RIEPILOGO Il centrodestra conta su 12 milioni di voti, Conte su 4,2 milioni. Calenda su 2,2 milioni di voti. Il Pd può contare su 7,2 milioni di voti. Se, come qualcuno vuole da tanti anni, il centrosinistra si presentasse unito come il centrodestra arriverebbe a 13,6 milioni. Ma l’operazione, come si è visto, è fuori dalla realtà, perchè Calenda non ci sta con i grillini, e i grillini arrivano al loro zoccolo duro, ai 4 milioni di voti meridionali, se si sganciano dalla sinistra, se giocano da soli contro tutti. I grillini sono pupulisti, parlano alle plebi meridionali attraverso bonus e sussidi, non hanno nulla a che vedere con i progressisti.

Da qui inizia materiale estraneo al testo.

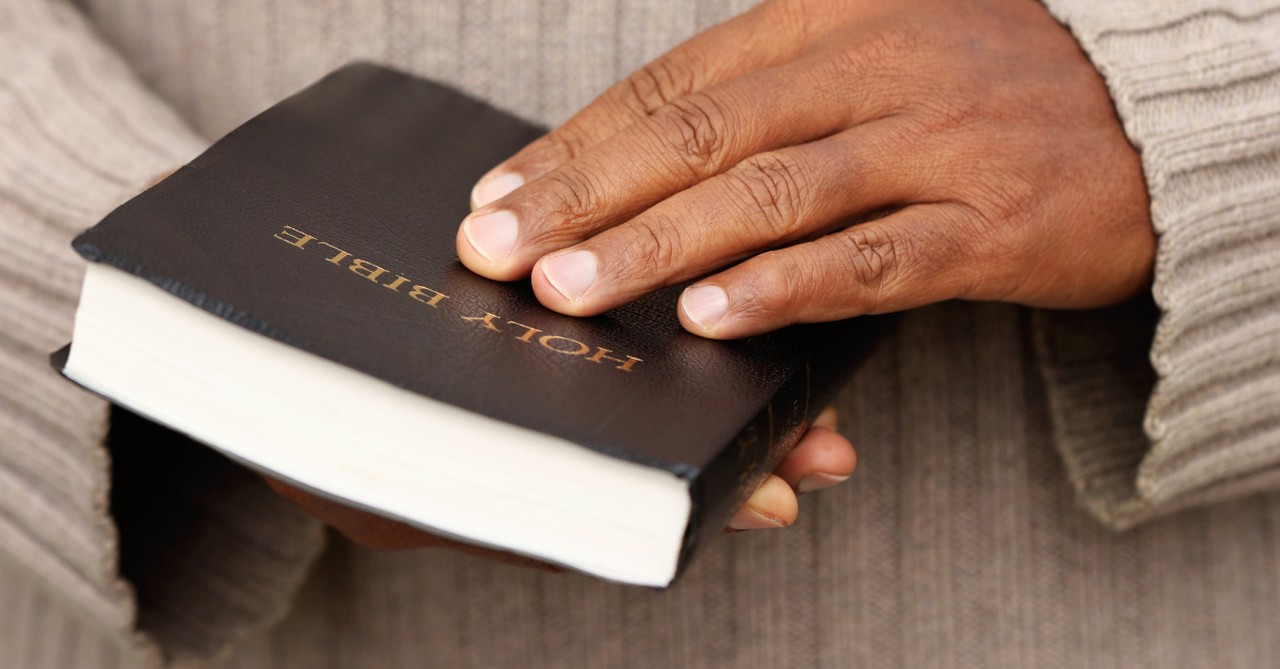 man hands holding open bible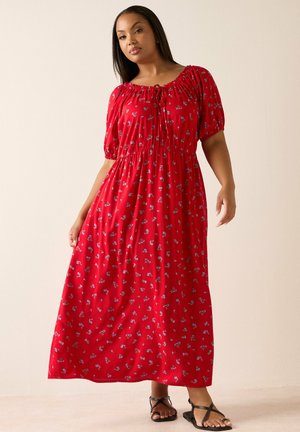 Mujer vestida con un vestido rojo hasta los tobillos con pequeños estampados florales y mangas abullonadas, de pie frente a una pared lisa y clara.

Occorre allora scompaginare il campo da gioco, non ammettere i doppiogiochisti e le quinte colonne dentro la sinistra. Smetterla di parlare di alleanze (con i 5 Stelle o contro) e definire un progetto di cose da fare. Senza il giochino del “ma anche”, siamo per i rigassificatori o no? Per la concorrenza e il mercato o no? Per la statalizzazione delle industrie o no? Da una parte occorre un polo lib-lab, riformista, socialista- liberale. Dall’altra una sinistra del “piccolo è bello”, dei No a tutto, con i 5Stelle e i loro amichetti, da Travaglio sino ai Fratoianni. Se l’offerta politica progressista si chiarisse e si rivolgesse a due elettorati diversi, favorita da una legge elettorale a doppio turno che desse stabilità ai governi, sarebbe possibile in Italia avere un’alternanza democratica che preservasse sempre la stabilità e l’efficacia dei governi. Insomma, l’Italia, dopo l’occasione persa con il referendum del 2016, deve diventare una democrazia che assomiglia a Francia e Germania.